Au cours de la dernière décennie, les partis d’extrême-droite ont acquis un "poids prépondérant" dans de nombreux parlements au sein de l’Union européenne, et représentent dans certains pays "la deuxième ou la troisième force politique", constate une étude du centre de réflexion britannique Demos, publiée lundi 7 novembre. Et les réseaux sociaux constituent, selon l'auteur de l'enquête, Jamie Bartlett, "un outil d’organisation, de recrutement et de prosélytisme" qui accompagne cette montée du populisme. Dans le cadre de cette recherche, réalisée sur onze pays européens, plus de 10.000 sympathisants de partis "populistes", répertoriés comme des "fans" sur le site de socialisation Facebook, ont été interrogés.
A quoi ressemble le partisan d’extrême-droite ?
"Les partisans en ligne des mouvements populistes représentent une nouvelle génération de militants en majorité jeunes qui vont plus souvent voter et s’impliquer dans la vie politique et l’activisme que le reste de la population", explique l'auteur de l'étude. Près des deux tiers d'entre eux ont moins de 30 ans, contre 51% en moyenne pour les utilisateurs de Facebook.
Les hommes représentent trois quarts des partisans des partis d'extrême-droite recensés, tandis que la part des femmes ne dépasse jamais les 36%. La majorité des partisans se déclarent comme employé et un tiers comme étudiant. Avec 14% de chômeurs, contre 16% en moyenne sur Facebook, l’absence de travail ne constituerait pas un facteur incitatif à l'adhésion d'un parti populiste.
Qu'est-ce qui motive leur engagement ?
La perception de "l’immigration" et du "multiculturalisme" représente un facteur décisif dans l'adhésion en ligne à un parti d'extrême-droite, explique l'étude. Plus d’un tiers des personnes interrogées citent l’immigration comme un de leurs deux principaux sujets de préoccupation. L'extrémisme islamique étant le deuxième le plus cité (25%).
Une crainte palpable pour les sympathisants des deux mouvements d’extrême-droite français relevés dans l’étude. Les partisans interrogés du "Bloc identitaire", mouvement créé en 2003, connu pour ses dérives islamophobes, sont 67% à placer l’immigration comme un sujet d'inquiétude, et 56% pour ceux du Front national. Des préoccupations éloignées de celles de l'Européen moyen qui met l’inflation (46%), la situation économique (20%) ou encore le chômage (19%) en tête, selon la dernière enquête Eurobaromètre.
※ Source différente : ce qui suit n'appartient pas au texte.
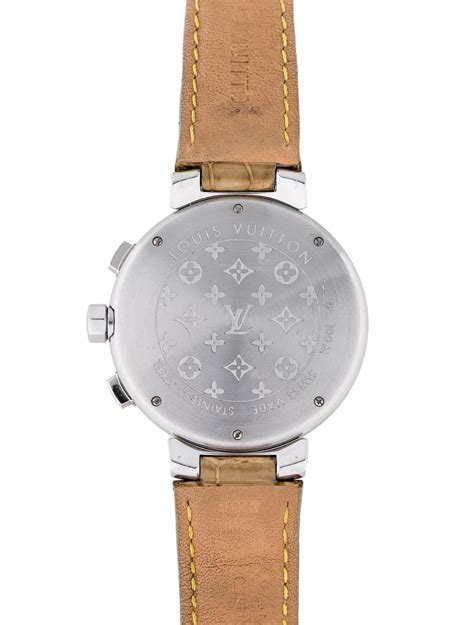 Louis Vuitton Tambour Chronograph Watchman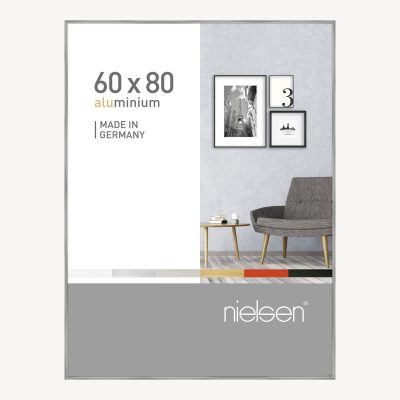 Pixel Argent poli 60 x 80 cm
L'immigration est plus souvent perçue chez les sympathisants des partis d'extrême-droite sous le prisme identitaire que sous l'angle économique, contrairement à ce qu'avance "une grande partie de la littérature académique", souligne l'étude. Ils craignent plus "la perte leur identité culturelle" que "leur emploi ou leurs logement".
"Désenchantement" ou adhésion idéologique ?
La recherche suggère aussi que de "nombreux supporters des partis populistes ont des niveaux extrêmement faibles de confiance dans les institutions politiques traditionnelles". Seul 20% des partisans ont confiance en leur gouvernement national et 14% en l’Union européenne. Des taux nettement inférieurs à ceux obtenus par le baromètre européen proches des 45%. Et seul 30% de ces sympathisants ont confiance dans le système judiciaire contre 60% au niveau européen. "Un désenchantement qui pousse les individus à rejoindre ces groupes d’extrême-droite en signe de protestation sans pour autant rejoindre les principes idéologiques de tels groupes", pointe le rapport.
Selon Jamie Bartlett, les responsables politiques européens doivent "se secouer, écouter et répondre" à ces partisans d’extrême-droite. Mais si une partie des militants rentre dans cette forme de populisme par dépit, ils sont tout de même 26% à estimer que "la violence est acceptable si elle conduit à imposer leurs idées".